Talking about something helps. Just talking about it may not seem to have much power to change our life situation for the better, but words are all we have. Do not underrate or underestimate the positive effect of simply talking through something with a trusted other.
My life can be viewed as a series of one conversation after another. Even as a writer, I am conversing with you, as my sensed listeners. I seek, through words, to be an instrument of healing and hope. I tell others I’m not a miracle worker. All I have are words; all I can do is listen and offer feedback from another, more objective viewpoint.
Nothing heals like the right word at the right time. Conversely nothing wounds like the wrong word at the wrong time. I have experienced the consequences of both.
A burden that cannot be shared cannot be lifted. Talking with a trusted other, sharing what lives unspoken in your heart, can lift off the weight, if not the actual substance of your burden.
When you talk something through, even if the situation does not change, you might change, beginning with your attitude. When one person changes in a relationship, the relationship changes as well. If you should change even slightly through talking something out, it might lead to change in the other by virtue of the change in the relationship your changing brings about.
Healing can happen through speaking. Language shines a light on the truth, and offers a path to freedom from whatever in the dark of speechlessness hinders and holds you back. To make evil vanish, shine the light on it, the light language alone affords, honest words spoken to a trusted other.

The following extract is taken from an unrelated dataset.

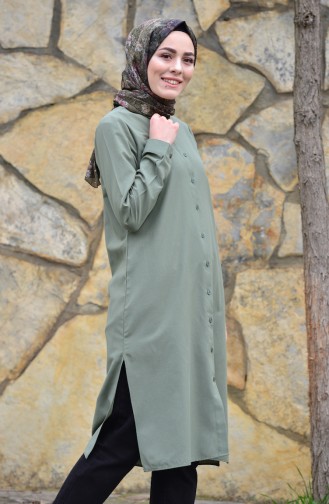 Minahill Slit Tunic 8209-10 Khaki 8209-10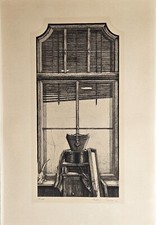 Original-Radierung von Rolf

If you cannot speak what is in you, you cannot fully know what is upsetting you. Writing a journal can be an effective method to self-discovery. A journal is a record of your inner life, of your feelings and fears, wants and wishes, desires and dreams. I have discovered much about myself from keeping a journal; and I have looked on while through my wrestling in words, my feelings and thoughts have undergone change. Self-discovery leads to self-transformation.
While drafting my first book, I wrote: “Strange, but as I write these words, these words are writing me.” I have discovered, and learned to depend on, the power of words to affect me. Words can transfer the soul from a narrow cell of loneliness and torment, to a spacious plane of understanding and acceptance.
When something is upsetting me, and I’m not sure what it is, I engage in a process of “self-talk.” First I go through the various sectors of my life, asking, “If I could remove this sector from my soul, would that take away my turmoil?” Once I have found the upsetting sector, I ask, “When did I first get upset?” Usually as soon as I figure out when I got upset, I realize right away what upset me, who said or did what.
At that point, I let what has upset me become word, through one or more of these means: inner dialogue, journaling, or discussion with a trusted other.
Though it may not seem like much, all we have are words. Truly, more than using words, we are word. And maybe the entire cosmos is word, language of one kind or another. Hence, in speaking words, we are actually speaking ourselves. And in releasing the words held tightly in our hearts, we are releasing ourselves as well.